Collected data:
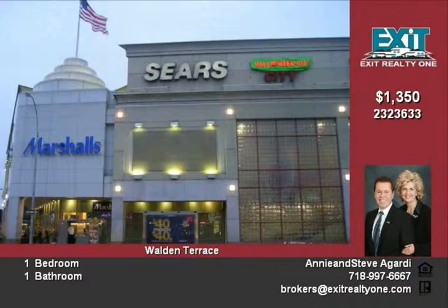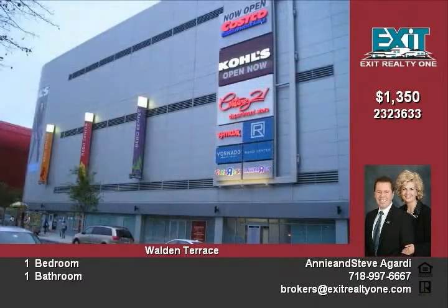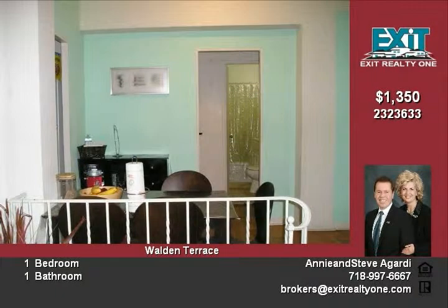The unit is in the well-known Walden Terrace building. The complex was finished in 1960. It has very special features, and one of them is the park and playground for the tenants' private use. As you step in the unit,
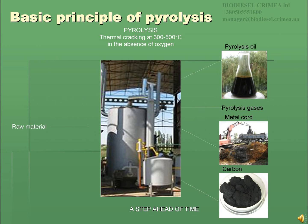Pyrolysis — from Greek: 'pyr' meaning fire or heat, and 'lysis' meaning decomposition or decay — is a thermal decomposition of organic compounds, for example wood, petroleum, coal, and others, in the absence of oxygen.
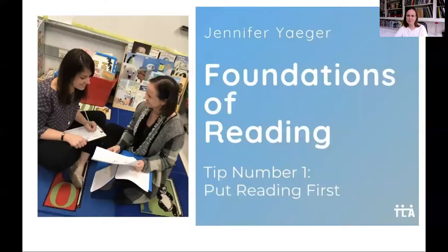Welcome back. This is Jen Yeager with tip number one to help you prepare for the Foundations of Reading Certification Test in your state. Often people ask me, what should I buy? Which book do you recommend as I begin studying for the Foundations of Reading Certification Test?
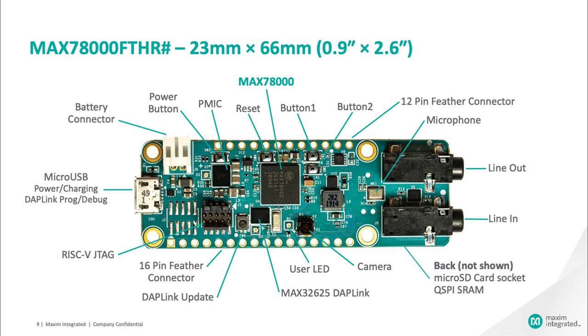The dimensions are 23mm by 66mm. Working clockwise from the MAX78000 in the center of the board, Button 1 and Button 2 are user-defined push buttons that connect to the MAX78000 port pins through a MAX6817 signal debouncing IC. The standard 12-pin feather connector runs along the top of the board, while the 16-pin feather connector runs along the bottom, giving access to power and ground rails, numerous digital I/O functions, and two analog inputs. The onboard microphone is a MEMS digital microphone connected directly to the MAX78000's I2S port. Additional audio support is provided by 3.5mm line-in and line-out jacks connecting through a MAX9867 low-power stereo codec.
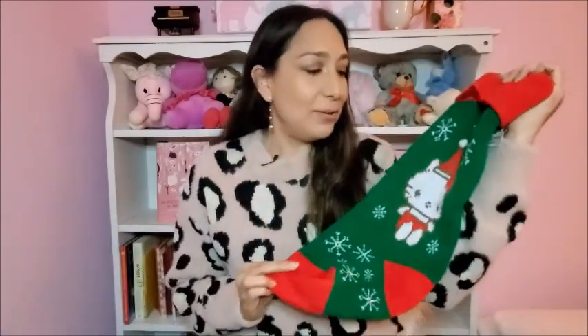Hi everyone, welcome to Vlogmas day 5! Today I'm going to share some stocking stuffer ideas for toddlers. First, this is the stocking I got for my daughter Olivia — it's a Hello Kitty one, super cute. I got it at the World Market.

TO DO. What you return should be the entries from above, unchanged and without their images.

OUTPUT OF THE EXERCISE.
The unit is in the well-known Walden Terrace building. The complex was finished in 1960. It has very special features, and one of them is the park and playground for the tenants' private use. As you step in the unit,
Pyrolysis — from Greek: 'pyr' meaning fire or heat, and 'lysis' meaning decomposition or decay — is a thermal decomposition of organic compounds, for example wood, petroleum, coal, and others, in the absence of oxygen.
Welcome back. This is Jen Yeager with tip number one to help you prepare for the Foundations of Reading Certification Test in your state. Often people ask me, what should I buy? Which book do you recommend as I begin studying for the Foundations of Reading Certification Test?
The dimensions are 23mm by 66mm. Working clockwise from the MAX78000 in the center of the board, Button 1 and Button 2 are user-defined push buttons that connect to the MAX78000 port pins through a MAX6817 signal debouncing IC. The standard 12-pin feather connector runs along the top of the board, while the 16-pin feather connector runs along the bottom, giving access to power and ground rails, numerous digital I/O functions, and two analog inputs. The onboard microphone is a MEMS digital microphone connected directly to the MAX78000's I2S port. Additional audio support is provided by 3.5mm line-in and line-out jacks connecting through a MAX9867 low-power stereo codec.
Hi everyone, welcome to Vlogmas day 5! Today I'm going to share some stocking stuffer ideas for toddlers. First, this is the stocking I got for my daughter Olivia — it's a Hello Kitty one, super cute. I got it at the World Market.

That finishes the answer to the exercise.